Word for word, copy the line that contains "Mila Shon Navy" and each line after it in the data below. Pictures stay out of the copy.

[Stored data]
++++++++++++++++++++

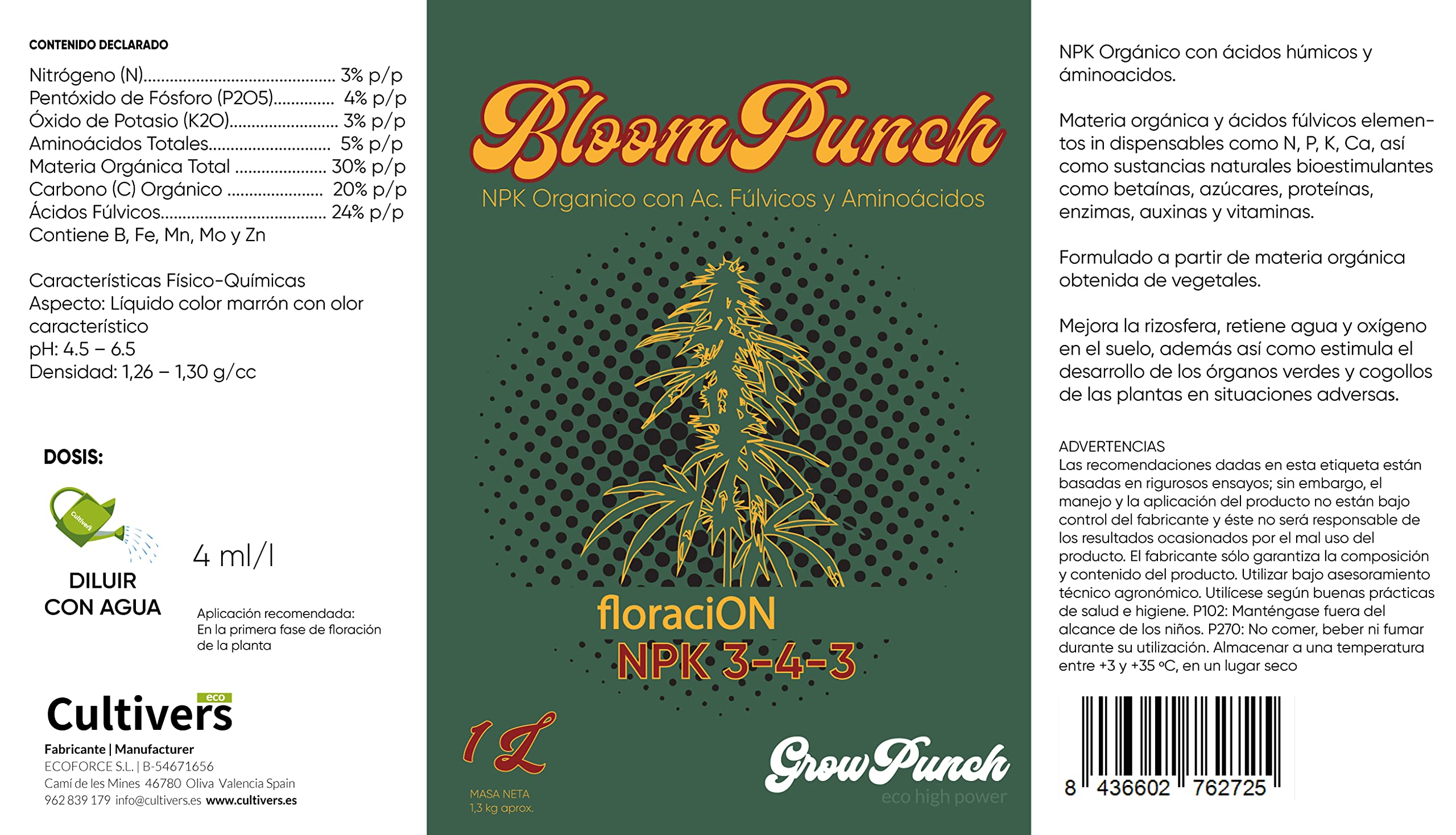 CULTIVERS BloomPunch Abono Floración Orgánico 5 L. NPK 3-4-3 con ácidos húmicos y áminoacidos. Fertilizante Vegano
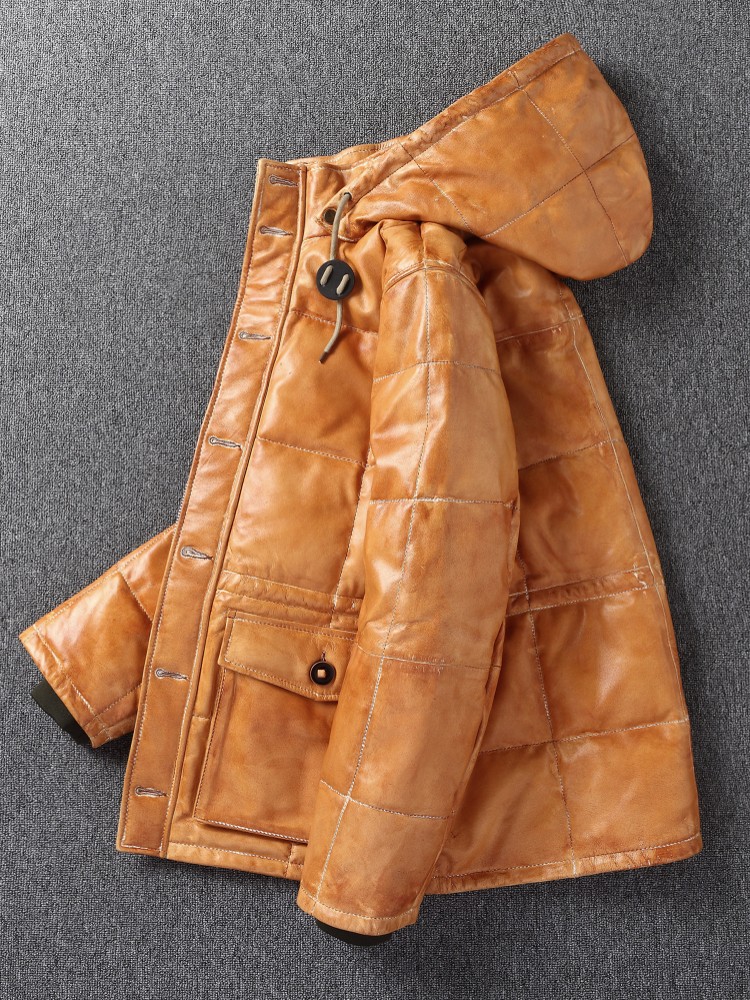 Winter Mens Sheepskin Genuine  - Leather Work Jacket With Hood review and price
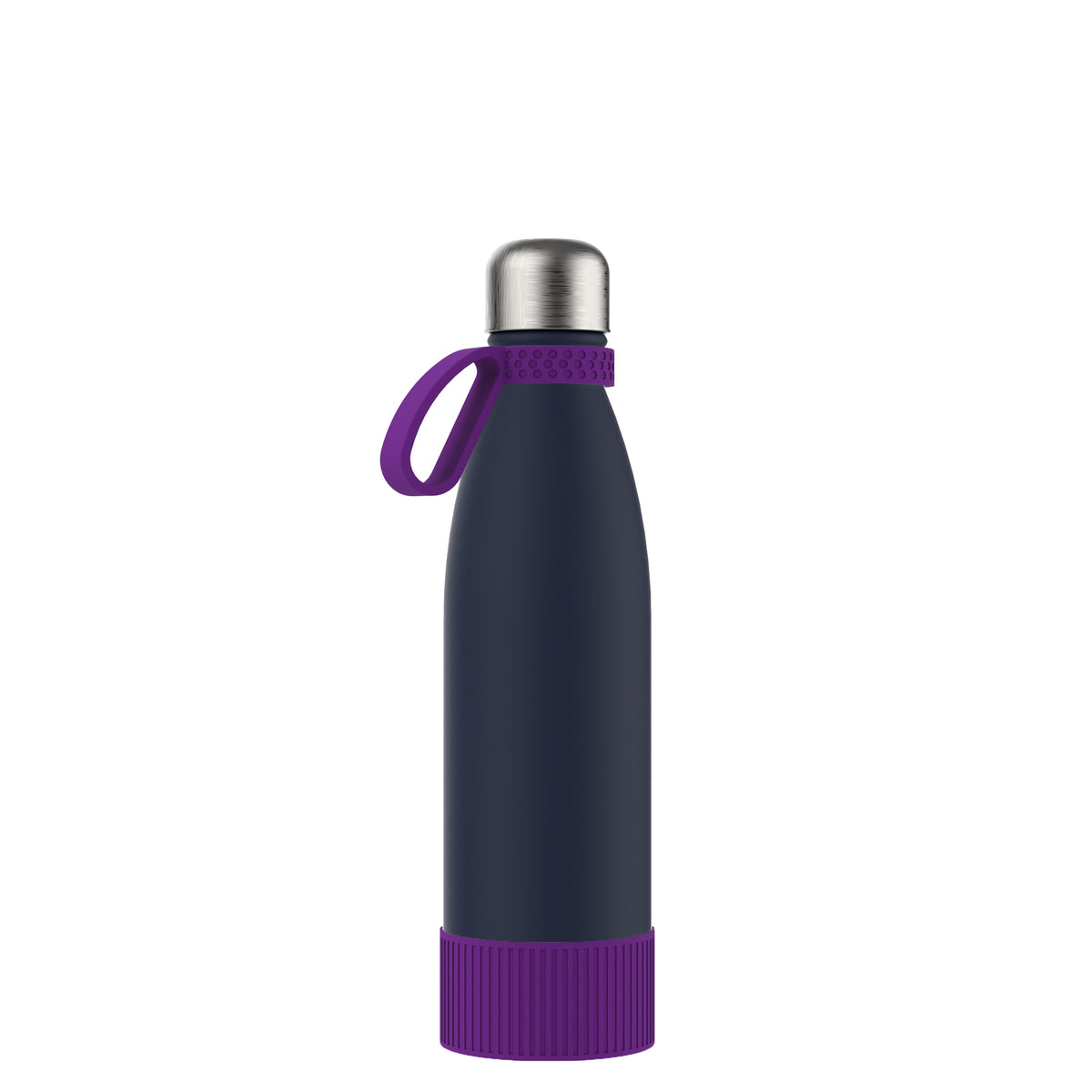 Flasche: blau, Ring: lila, Hülle: lila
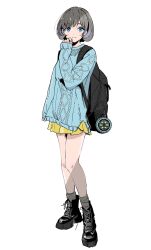 Rule 34 | 0507 tuyuri, 1girl, :3, backpack, bag, black bag, black footwear, blue eyes, blue sweater, blush, boots, commentary, full body, grey hair, grey socks, highres, jewelry, knee boots, long sleeves, looking at viewer, love live!, love live! superstar!!, miniskirt, pleated skirt, ring, shade, short hair, skirt, socks, solo, standing, sweater, tang keke, white background, yellow skirt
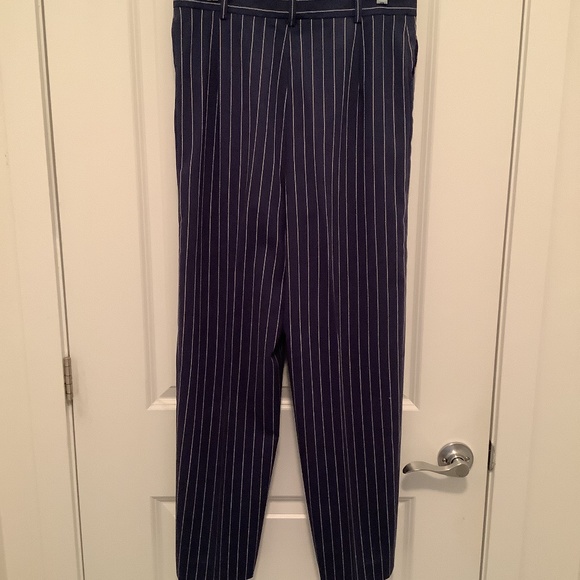 Mila Shon Navy blue striped pants & blouse - Picture 1 of 7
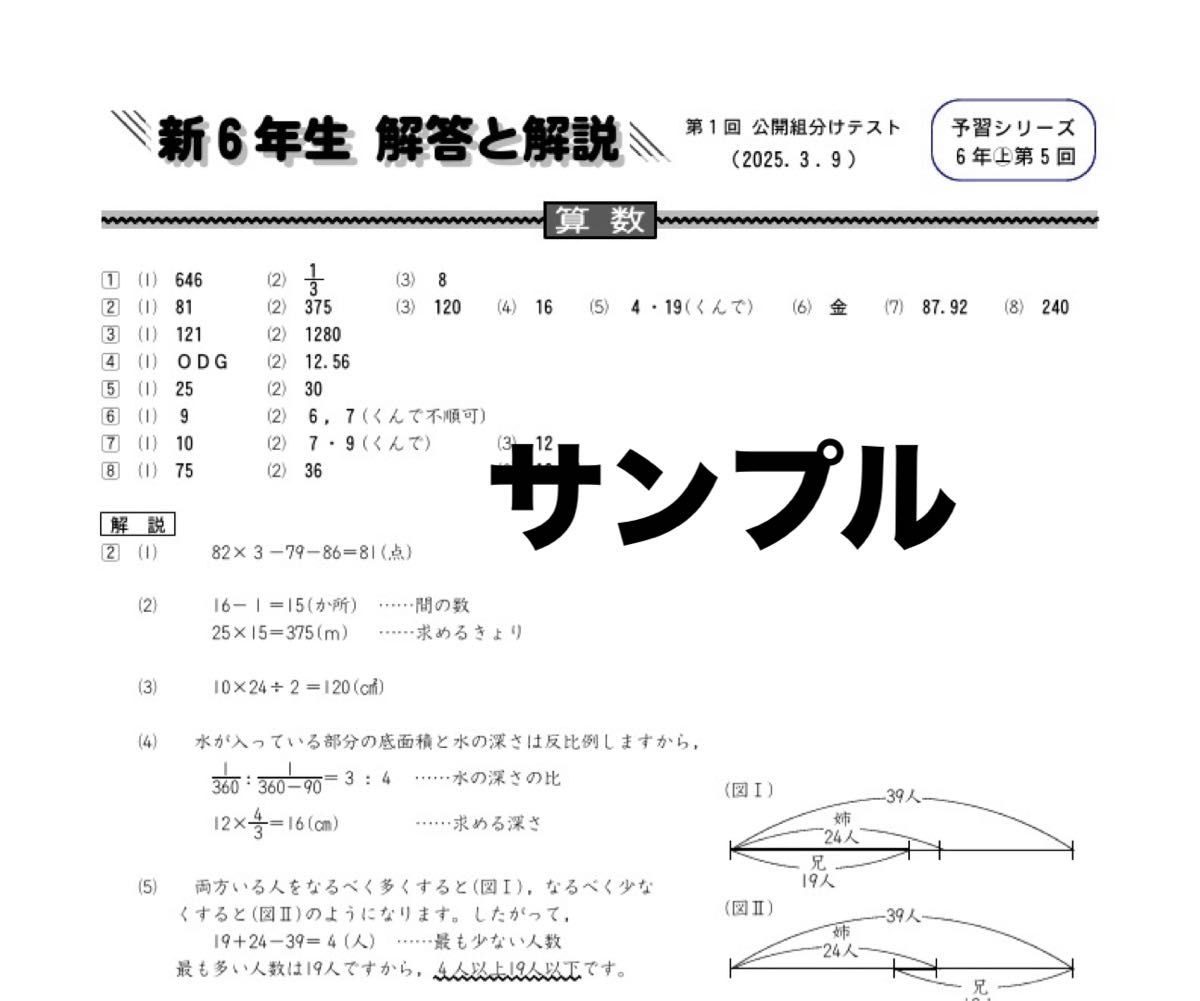 最新 四谷大塚 6年 2025 2024 2023年度 3年度分 組分け・合不合判定
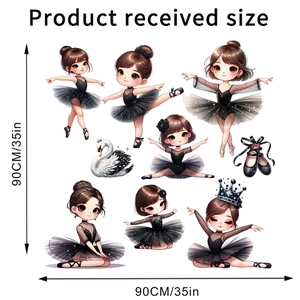 Tableau des tailles montrant 90x90cm pour stickers muraux fille de ballet étanches
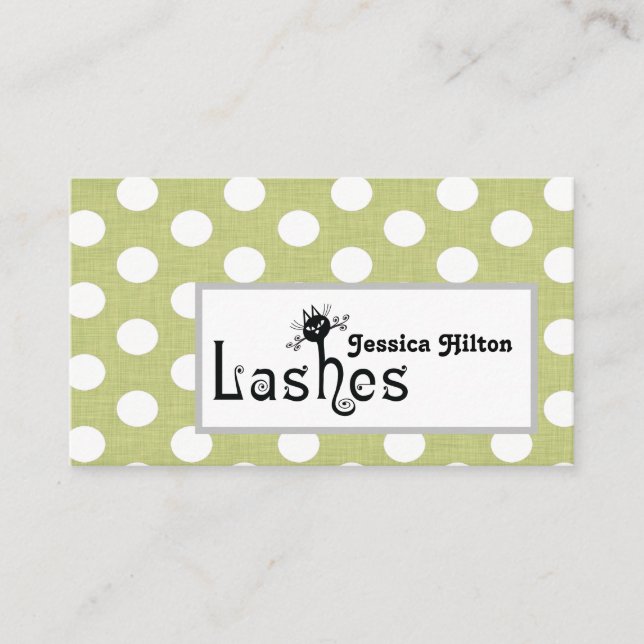 Professionell polka dots, kattutslag, logotyp visitkort (Framsida)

++++++++++++++++++++

Response area:
 Mila Shon Navy blue striped pants & blouse - Picture 1 of 7
 最新 四谷大塚 6年 2025 2024 2023年度 3年度分 組分け・合不合判定
 Tableau des tailles montrant 90x90cm pour stickers muraux fille de ballet étanches
 Professionell polka dots, kattutslag, logotyp visitkort (Framsida)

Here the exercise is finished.